TASK INSTRUCTIONS.
For the data that follows, print the line with "portada Primae Lineae", the line with "Essential Oils: 30", and all lines between them, exactly as they stand. Omit pictures and add nothing.

[Captioned web image data]
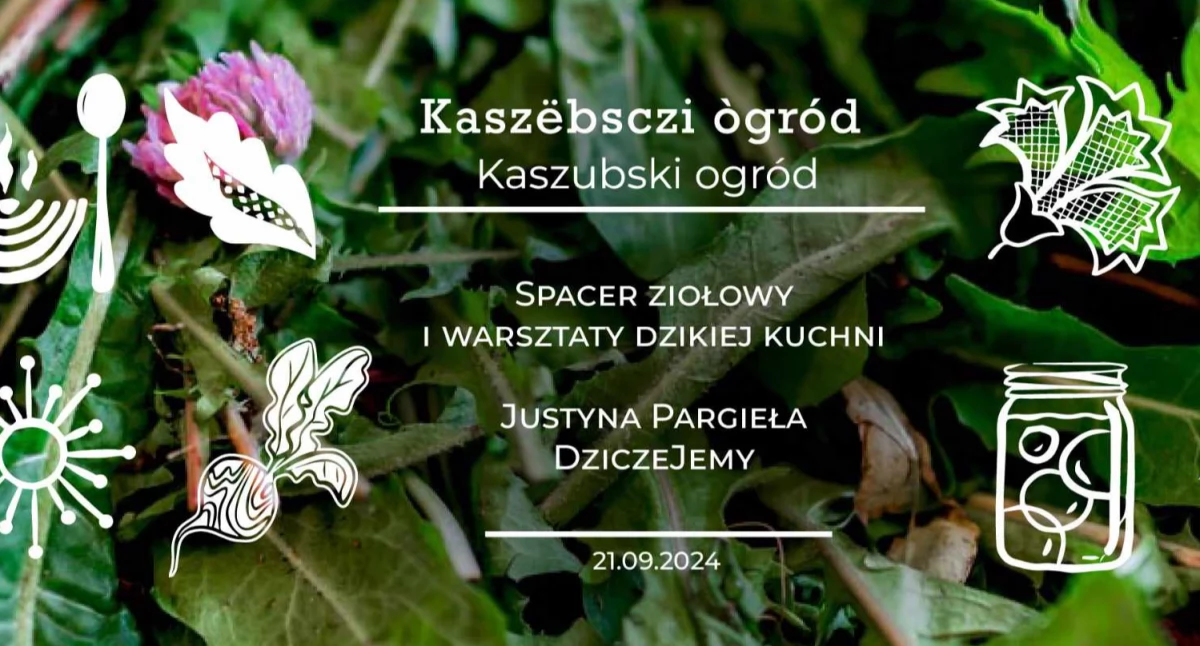 Kiełpino. Przed nami kolejne spotkanie poświęcone roślinom i kulinarnej mocy natury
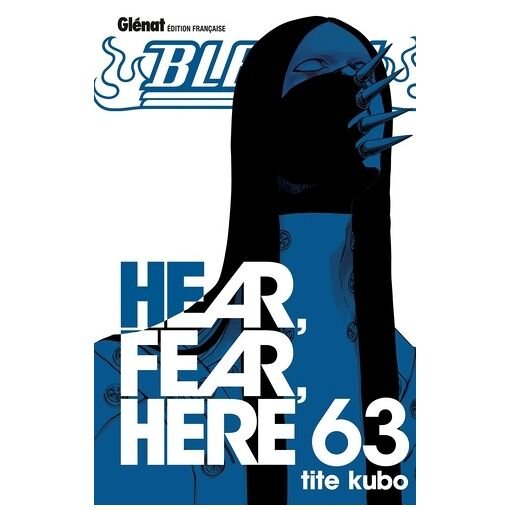 Manga bleach - tome 63 : hear, fear, here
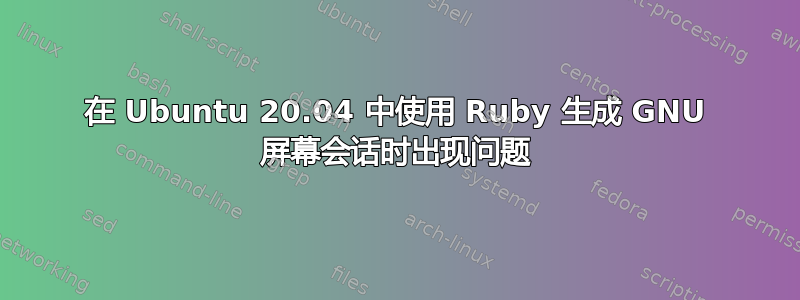 在 Ubuntu 20.04 中使用 Ruby 生成 GNU 屏幕会话时出现问题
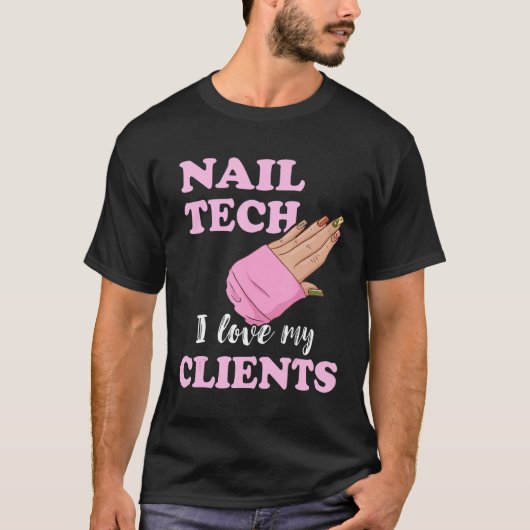 Nail Tech I Love My Clients Nail Artist Manicure E Tシャツ (正面)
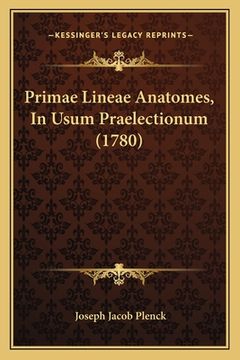 portada Primae Lineae Anatomes, In Usum Praelectionum (1780) (en Latin)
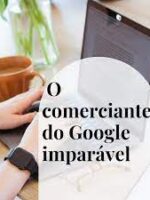 O comerciante do Google imparável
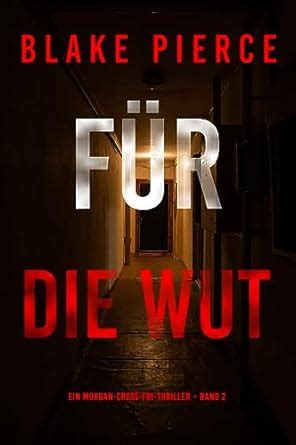 Für die Wut (Ein Morgan-Cross-FBI-Thriller – Band 2) (German Edition ...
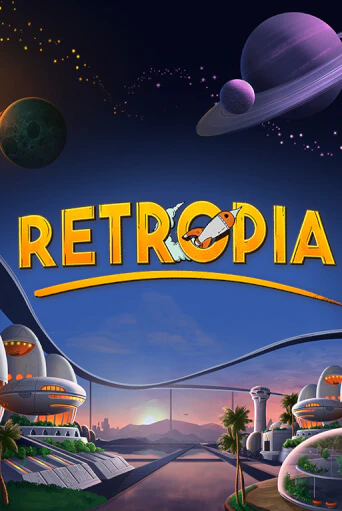 Демо игра Retropia играть онлайн | Casino-X.KZ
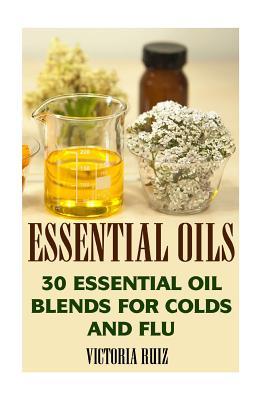 Essential Oils: 30 Essential Oil Blends For Colds And Flu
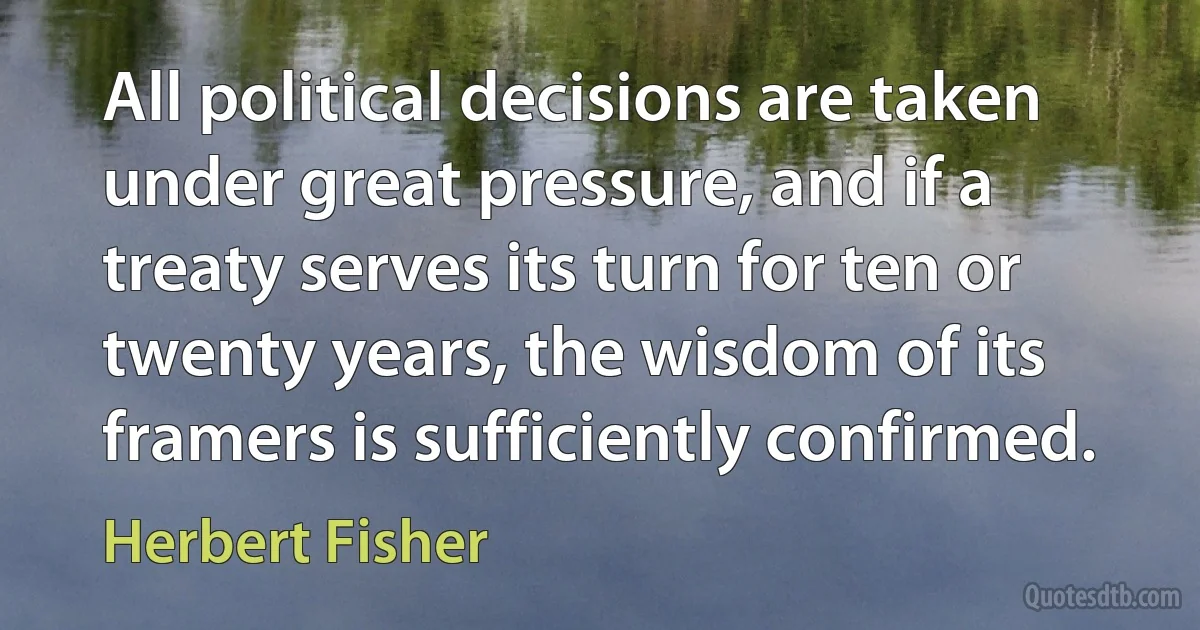 All political decisions are taken under great pressure, and if a treaty serves its turn for ten or twenty years, the wisdom of its framers is sufficiently confirmed. (Herbert Fisher)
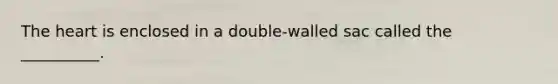 The heart is enclosed in a double-walled sac called the __________.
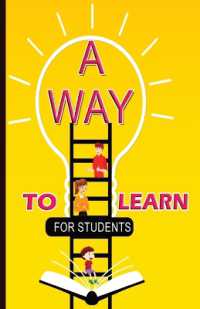 A Way to Learn for Students : 51 Components of Learning to Improve Study Skills & Achieve Academic Success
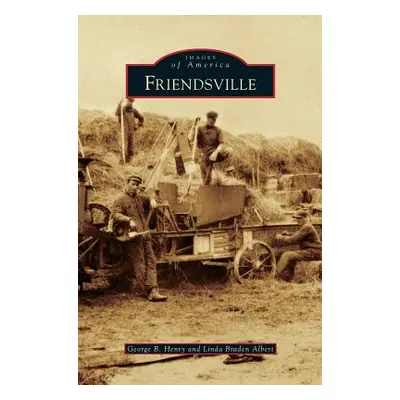 "Friendsville" - "" ("Henry George B.")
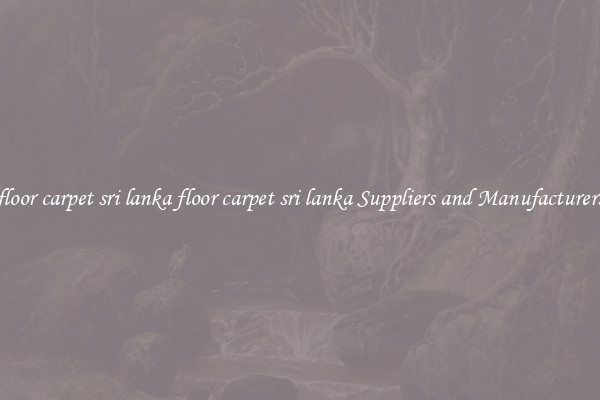floor carpet sri lanka floor carpet sri lanka Suppliers and Manufacturers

RESPONSE AREA.
 portada Primae Lineae Anatomes, In Usum Praelectionum (1780) (en Latin)
 O comerciante do Google imparável
 Für die Wut (Ein Morgan-Cross-FBI-Thriller – Band 2) (German Edition ...
 Демо игра Retropia играть онлайн | Casino-X.KZ
 Essential Oils: 30 Essential Oil Blends For Colds And Flu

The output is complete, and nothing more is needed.